By Wanlapa Tantiprasongchai

Last Activity on Contact is a date field that sales, marketing, and ops teams rely on regularly. It drives re-engagement campaigns, lead scoring, pipeline reviews, and more. But if your org has Shared Activities enabled, this field only captures activity for the primary contact on a Task or Event. Secondary contacts do not get updated, which means the data that a lot of teams are reporting on is incomplete.

This article explains why this happens and how to fix it using Rollup Helper and a formula field.

Why Last Activity Date Fails With Shared Activities

Shared Activities is an org-wide setting that lets one Task or Event relate to multiple contacts at the same time. To check if it is enabled in your org, go to Setup → Quick Find → Activity Settings and look for the checkbox “Allow Users to Relate Multiple Contacts to Tasks and Events”.

Salesforce Activity Settings page showing the Allow Users to Relate Multiple Contacts to Tasks and Events checkbox enabled.
Salesforce Setup > Activity Settings showing the Allow Users to Relate Multiple Contacts to Tasks and Events checkbox.

When Shared Activities is enabled, Salesforce stores those contact relationships through two junction objects: TaskRelation for Tasks and EventRelation for Events. One contact is set as primary through the WhoId field. The rest are stored as secondary relations.

READ MORE: What Is the Difference Between WhoId and WhatId?

The issue is that Salesforce only updates the Last Activity date for the primary contact. Secondary contacts are ignored. So if your rep had a meeting with three contacts and one is set as primary, the other two keep whatever date was there before, even though they attended the same meeting. Salesforce has documented this as a known limitation.

Take this task as an example. It was completed on 15 March 2026 and is related to two contacts: Jane Doe as the primary contact and John Doe as a secondary contact.

Salesforce Task record showing Jane Doe as primary and John Doe as secondary contact in the Name field, completed 15/3/2026.
Task “Email about contract renewal” completed on 15/3/2026, with Jane Doe as primary and John Doe as secondary contact in the Name field.

If you open John Doe’s contact record, you can see this task appearing in his activity timeline under March 2026.

John Doe's contact page shows an email about a contract renewal task dated 15 Mar 2026 appearing in the March 2026 activity timeline.
John Doe’s contact page showing the “Email about contract renewal” task from 15 March 2026 in his activity timeline.

But when you pull a report on Contact’s Last Activity Date, John Doe still shows 20/10/2025. Because he was not the primary contact on that task, his Last Activity Date was never updated.

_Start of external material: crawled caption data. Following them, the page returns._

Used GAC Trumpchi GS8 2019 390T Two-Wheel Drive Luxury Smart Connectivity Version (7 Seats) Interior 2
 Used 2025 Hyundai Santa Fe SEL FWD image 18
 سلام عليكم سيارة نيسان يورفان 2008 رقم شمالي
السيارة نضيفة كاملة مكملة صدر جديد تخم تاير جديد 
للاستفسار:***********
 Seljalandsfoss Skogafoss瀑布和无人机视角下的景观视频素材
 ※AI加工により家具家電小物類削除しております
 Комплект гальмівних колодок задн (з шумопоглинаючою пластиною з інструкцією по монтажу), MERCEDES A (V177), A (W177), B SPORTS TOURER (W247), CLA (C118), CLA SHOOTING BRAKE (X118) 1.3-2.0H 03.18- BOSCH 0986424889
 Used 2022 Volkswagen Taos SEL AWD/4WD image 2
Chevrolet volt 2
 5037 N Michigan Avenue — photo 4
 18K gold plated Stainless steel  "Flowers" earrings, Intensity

Jane Doe, who was primary, shows the correct date of 15/3/2026.

Report showing John Doe Last Activity as 20/10/2025 and Jane Doe as 15/3/2026 after the same shared task was completed.
Contact Last Activity Report showing John Doe with Last Activity 20/10/2025 and Jane Doe with 15/3/2026, despite both being on the same task completed 15 March 2026.

“If your team regularly logs activities against multiple contacts at once, it is worth checking whether Last Activity Date is actually showing what you think it is.”

The Business Impact on Reporting

This affects any process that relies on the Last Activity Date being accurate:

  • Re-engagement campaigns: Marketing pulls a list of contacts with no recent activity. Some of those contacts were in a meeting last week as a secondary relation and should not be on that list.
  • Sales follow-up timing: A rep filters contacts by Last Activity Date to decide who to reach out to next. Secondary contacts show an old date and get skipped.
  • Lead scoring: A contact drops in score because their Last Activity Date looks old, even though they were recently engaged.
  • Account activity tracking: A rep checks when the account was last touched. The date is wrong because the contacts were secondary relations on the most recent activities.
READ MORE: Salesforce Activities: Everything You Need to Know

Creating Task and Event Rollup Fields

The workaround is to create two rollup fields on a Contact that calculate the maximum activity date from TaskRelation and EventRelation directly. This captures activity for all related contacts, not just the primary one.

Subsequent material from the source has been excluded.